>>>

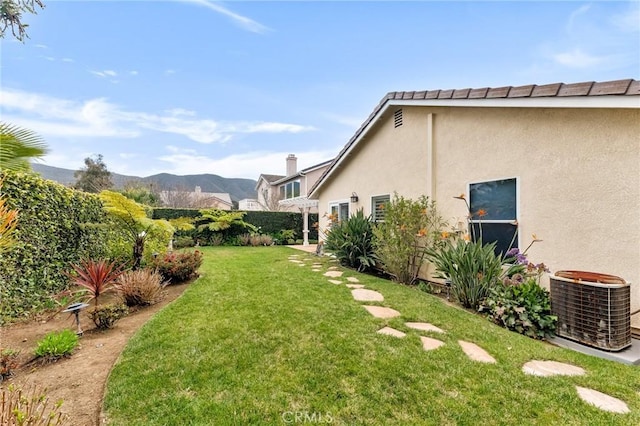 view of yard featuring cooling unit and a mountain view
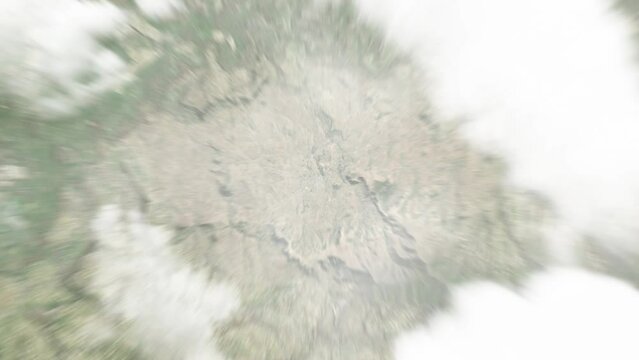 Earth zoom in from space to Butha Buthe, Lesotho. Followed by zoom out through clouds and atmosphere into space. Satellite view. Travel intro. Images from NASA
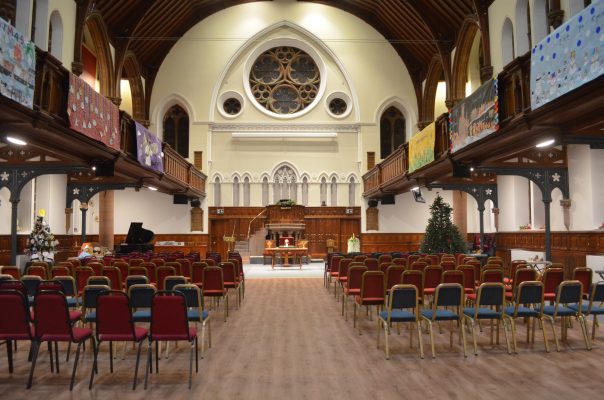 The illuminated inside of a church, showing the alter and seating.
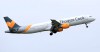 FILE - In this May 19, 2016 file photo, a Thomas Cook plane takes off in England. Thomas Cook, one of the world’s oldest and largest travel companies, is facing a race against time to stay afloat it was announced Friday, Sept. 20, 2019. The debt-laden British-based company has confirmed it is seeking 200 million pounds ($250 billion) in extra funding to avoid its collapse. (Tim Goode/PA via AP, file)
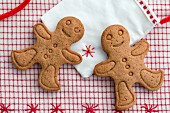 Two gingerbread men on a fabric bag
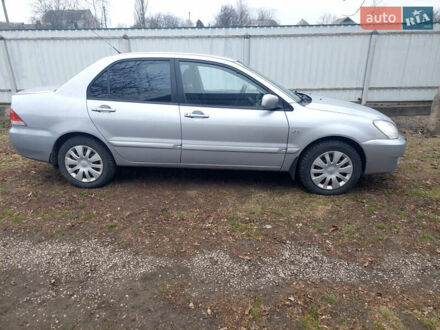 Міцубісі Lancer 2007 у Царичанке на Automoto.ua Сірий Міцубісі Lancer, об'ємом двигуна 1.58 л та пробігом 220 тис. км за 5000 $, фото 1 на Automoto.ua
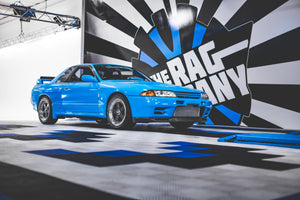 A blue car in an autobody shop with a The Rag Company logo on the wall behind the car.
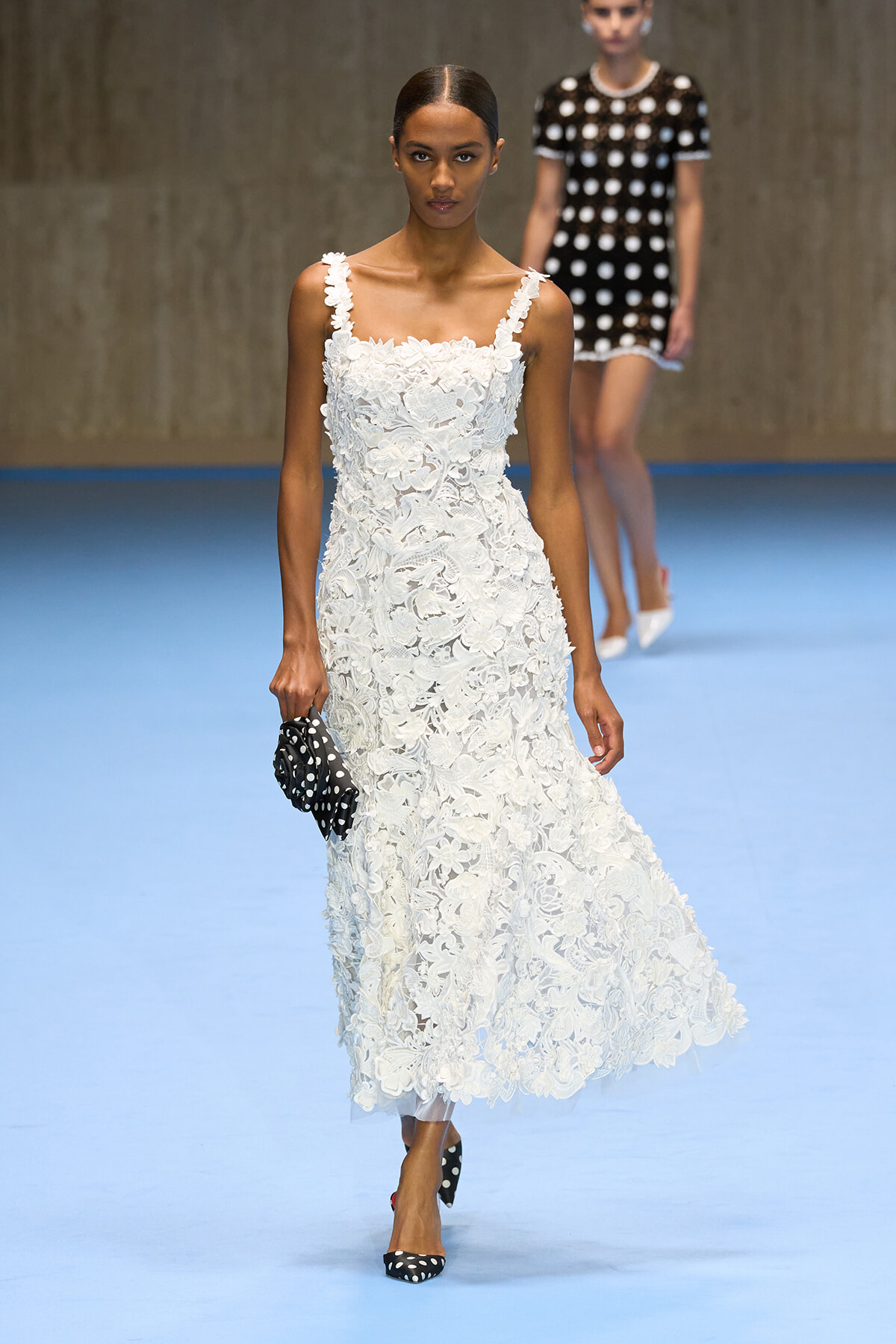Model walking a runway in a white floral lace midi dress, holding a black polka-dot clutch; another model in a black polka-dot dress visible in the background.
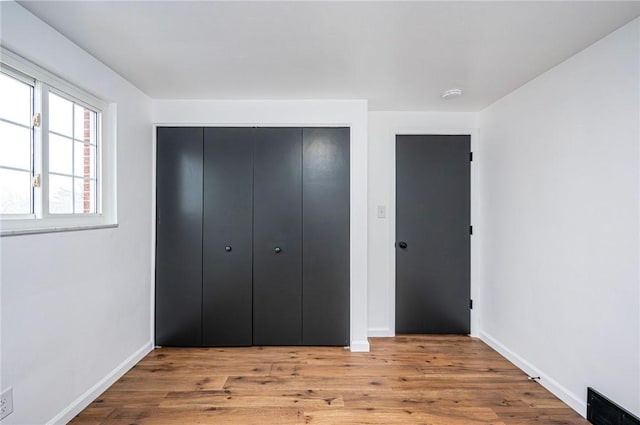 unfurnished bedroom with baseboards, a closet, and light wood-style floors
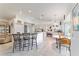 Open-concept kitchen featuring a breakfast bar, dining area, and easy access to the bedroom at 8850 Se 156Th St, Summerfield, FL 34491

<<<

_Description of the task:_ Working from the entries above, reproduce exactly and only the lines beginning with the line that has "A blue car in" and ending with the line that has "unfurnished bedroom with"; omit all pictures.

_Task result:_
 A blue car in an autobody shop with a The Rag Company logo on the wall behind the car.
Model walking a runway in a white floral lace midi dress, holding a black polka-dot clutch; another model in a black polka-dot dress visible in the background.
 unfurnished bedroom with baseboards, a closet, and light wood-style floors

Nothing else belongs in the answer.